Celebrities have started using text message marketing. Politicians love using text messaging for campaigns (sometimes to no avail). Heck, even a few of my favorite restaurants (and bars) around town send me deals and allow me to order via text.

It’s such an untapped channel, with immense opportunity, given how much care we all give to our texts (especially in comparison to our news feeds and email).

This is why every major tech company is doubling down on messaging. Facebook plans to merge its three messaging platforms (Messenger, WhatsApp, and Instagram) so that users can cross-pollinate. Google is creating the unified Android antichrist to iMessage in a messenger called Chat. Slack, which is a business messaging competitor, is worth $18 Billion. And dozens and dozens of text message marketing companies exist for this very reason.

However, I don’t think there is anyone positioned quite like Apple.

The Apple Advantage

There are a few clear advantages that Apple has in the space today:

Branding

Where Apple wins is that they allow companies to brand the iMessage experience. There’s a big difference between the standard American Airlines SMS marketing message experience:

And 1-800-Flowers who has Apple Business Chat:

Chat Integration

Apple Business Chat integrates with dozens of existing customer service applications – IMImobile, Nuance, 247.ai, Shopify, etc… This makes it incredibly easy to add Business Chat to the repertoire.

Multimedia

iPhone is already winning because they know if you’re signing up to chat via iMessage, then you have a smartphone that can handle whatever multimedia experience a company will send you. Regular old SMS text message marketing doesn’t have that confidence.

Apple Pay

Oh yeah, and Apple already has a secure payment system for purchase verification that doesn’t need to pass through any third-party.
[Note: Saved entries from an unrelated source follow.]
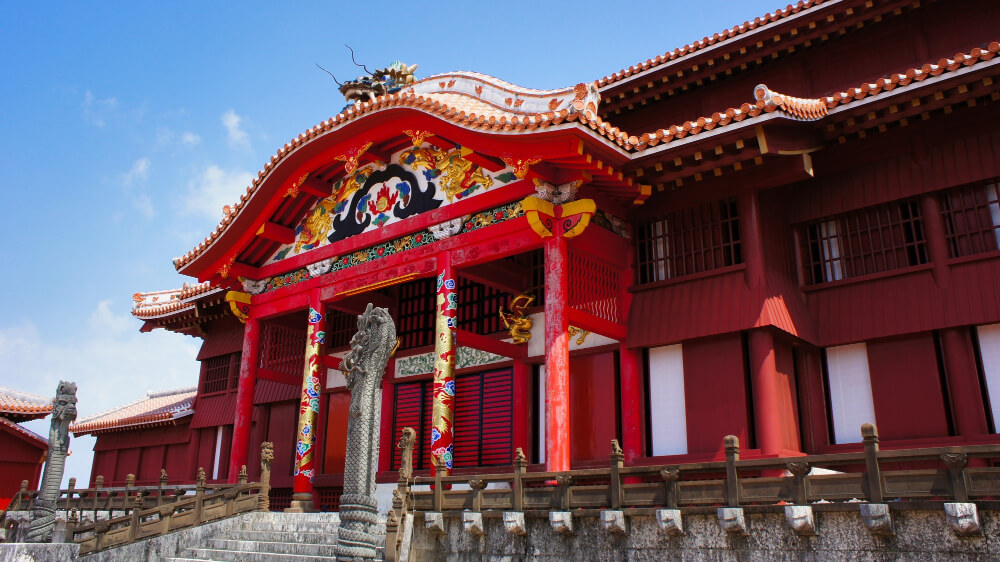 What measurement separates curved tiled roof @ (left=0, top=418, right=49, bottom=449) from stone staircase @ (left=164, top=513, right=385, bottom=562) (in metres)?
14.2

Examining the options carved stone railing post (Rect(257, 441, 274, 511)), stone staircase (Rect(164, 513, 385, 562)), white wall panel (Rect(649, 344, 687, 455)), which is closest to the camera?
stone staircase (Rect(164, 513, 385, 562))

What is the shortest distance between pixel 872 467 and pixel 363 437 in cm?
534

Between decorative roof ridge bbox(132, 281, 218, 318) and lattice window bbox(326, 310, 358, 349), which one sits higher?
decorative roof ridge bbox(132, 281, 218, 318)

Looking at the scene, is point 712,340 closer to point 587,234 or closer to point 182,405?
point 587,234

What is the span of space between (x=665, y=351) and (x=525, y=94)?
15.2 feet

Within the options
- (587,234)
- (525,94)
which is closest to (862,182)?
(587,234)

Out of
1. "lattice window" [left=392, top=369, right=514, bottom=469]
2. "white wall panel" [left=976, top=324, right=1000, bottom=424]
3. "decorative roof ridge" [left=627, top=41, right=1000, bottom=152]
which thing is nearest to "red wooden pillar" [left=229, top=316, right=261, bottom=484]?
"lattice window" [left=392, top=369, right=514, bottom=469]

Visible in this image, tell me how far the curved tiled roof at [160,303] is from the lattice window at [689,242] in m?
11.6

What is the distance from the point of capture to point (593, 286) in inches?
456

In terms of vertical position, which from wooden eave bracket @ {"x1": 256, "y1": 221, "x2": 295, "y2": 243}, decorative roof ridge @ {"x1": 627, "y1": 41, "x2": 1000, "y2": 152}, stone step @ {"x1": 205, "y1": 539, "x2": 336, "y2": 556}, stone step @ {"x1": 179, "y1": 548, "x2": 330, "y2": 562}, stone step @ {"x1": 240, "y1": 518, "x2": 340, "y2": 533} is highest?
wooden eave bracket @ {"x1": 256, "y1": 221, "x2": 295, "y2": 243}

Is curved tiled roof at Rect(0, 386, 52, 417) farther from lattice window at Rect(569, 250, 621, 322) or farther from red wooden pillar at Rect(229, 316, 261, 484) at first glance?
lattice window at Rect(569, 250, 621, 322)

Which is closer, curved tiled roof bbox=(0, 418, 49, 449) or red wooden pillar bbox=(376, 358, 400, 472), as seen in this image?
red wooden pillar bbox=(376, 358, 400, 472)

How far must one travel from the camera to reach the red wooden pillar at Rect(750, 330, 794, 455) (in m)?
9.78

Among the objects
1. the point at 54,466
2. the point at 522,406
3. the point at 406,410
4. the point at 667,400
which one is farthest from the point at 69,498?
the point at 667,400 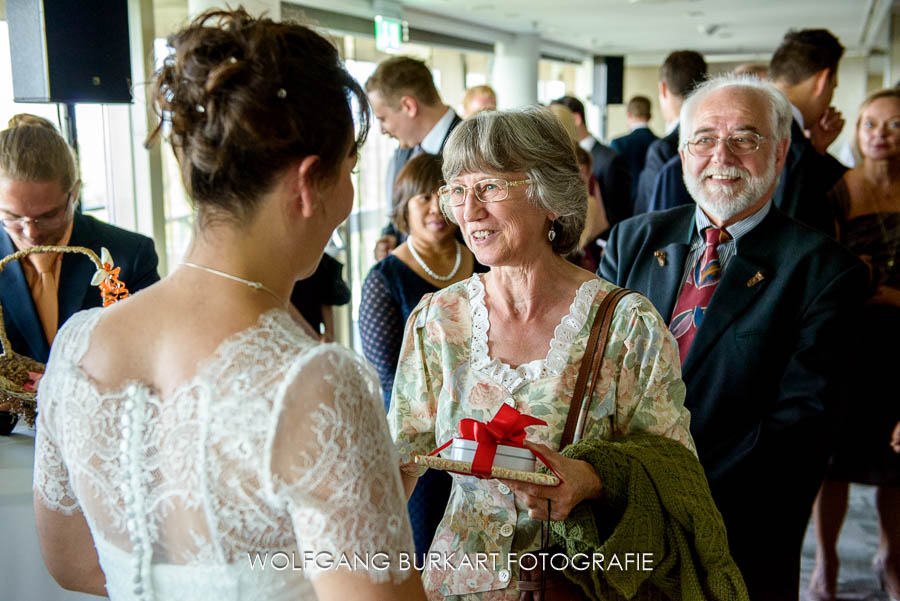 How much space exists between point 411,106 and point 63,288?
6.84ft

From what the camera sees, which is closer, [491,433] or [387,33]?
[491,433]

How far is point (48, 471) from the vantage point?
122 centimetres

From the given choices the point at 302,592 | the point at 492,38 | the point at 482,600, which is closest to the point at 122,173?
the point at 482,600

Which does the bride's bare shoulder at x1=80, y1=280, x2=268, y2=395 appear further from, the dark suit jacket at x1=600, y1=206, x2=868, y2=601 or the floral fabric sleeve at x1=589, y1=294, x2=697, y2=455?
the dark suit jacket at x1=600, y1=206, x2=868, y2=601

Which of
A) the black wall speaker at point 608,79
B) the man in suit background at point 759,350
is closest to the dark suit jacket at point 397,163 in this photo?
the man in suit background at point 759,350

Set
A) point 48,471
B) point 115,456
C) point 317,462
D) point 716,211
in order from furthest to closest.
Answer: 1. point 716,211
2. point 48,471
3. point 115,456
4. point 317,462

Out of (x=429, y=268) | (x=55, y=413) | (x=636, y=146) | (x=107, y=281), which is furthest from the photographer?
(x=636, y=146)

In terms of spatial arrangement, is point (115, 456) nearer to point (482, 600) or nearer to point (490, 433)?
point (490, 433)

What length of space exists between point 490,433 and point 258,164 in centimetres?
64

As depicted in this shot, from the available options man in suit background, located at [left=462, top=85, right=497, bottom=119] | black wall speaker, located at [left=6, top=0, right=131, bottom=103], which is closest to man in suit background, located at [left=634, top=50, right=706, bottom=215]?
man in suit background, located at [left=462, top=85, right=497, bottom=119]

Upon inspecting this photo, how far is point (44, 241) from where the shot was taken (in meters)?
2.48

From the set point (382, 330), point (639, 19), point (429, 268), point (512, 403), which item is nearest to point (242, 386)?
point (512, 403)

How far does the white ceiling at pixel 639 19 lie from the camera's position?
953cm

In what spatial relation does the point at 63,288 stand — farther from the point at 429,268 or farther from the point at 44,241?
the point at 429,268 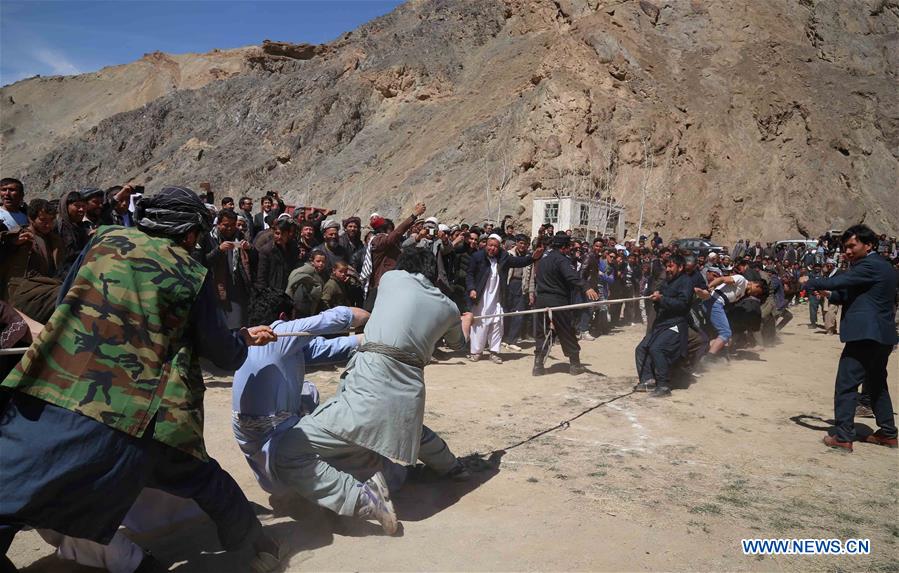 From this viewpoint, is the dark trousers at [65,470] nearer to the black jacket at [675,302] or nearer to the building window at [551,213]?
the black jacket at [675,302]

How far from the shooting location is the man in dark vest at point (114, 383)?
236 centimetres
Betting Big on Business Chat

I’ve talked before about how Facebook provides enough capabilities across their apps for a business to run entirely on the Facebook properties – from advertising to customer service to order fulfillment. This is something that Facebook (and Instagram) have really done well.

Apple is positioning itself very similarly, starting with the brand to consumer communication. I think these two companies are going to duke it out in this space.

However, don’t forget that Apple owns the hardware and software. They’re battling on Apple’s turf. iMessage is perhaps the most valued and sacred app on the iPhone – so much so that iMessage is one of the major selling points for people switching over from Android. Apple is playing a long game here, which is smart. If they pull this off, then iMessage could be the IT place to be for brands of all types.

I don’t think it would be that bizarre to see Apple servicing more needs of small and medium-sized businesses in the future. Perhaps offering a place on iMessage to create storefronts or even advertise. Ten years from now, iMessage might be a completely new ecosystem with unbelievable commercial use cases – especially if they’re are looking to China for inspiration on mobile messaging innovation.

Also, I feel like it’s almost inevitable that we’ll eventually get FaceTime Business Chat.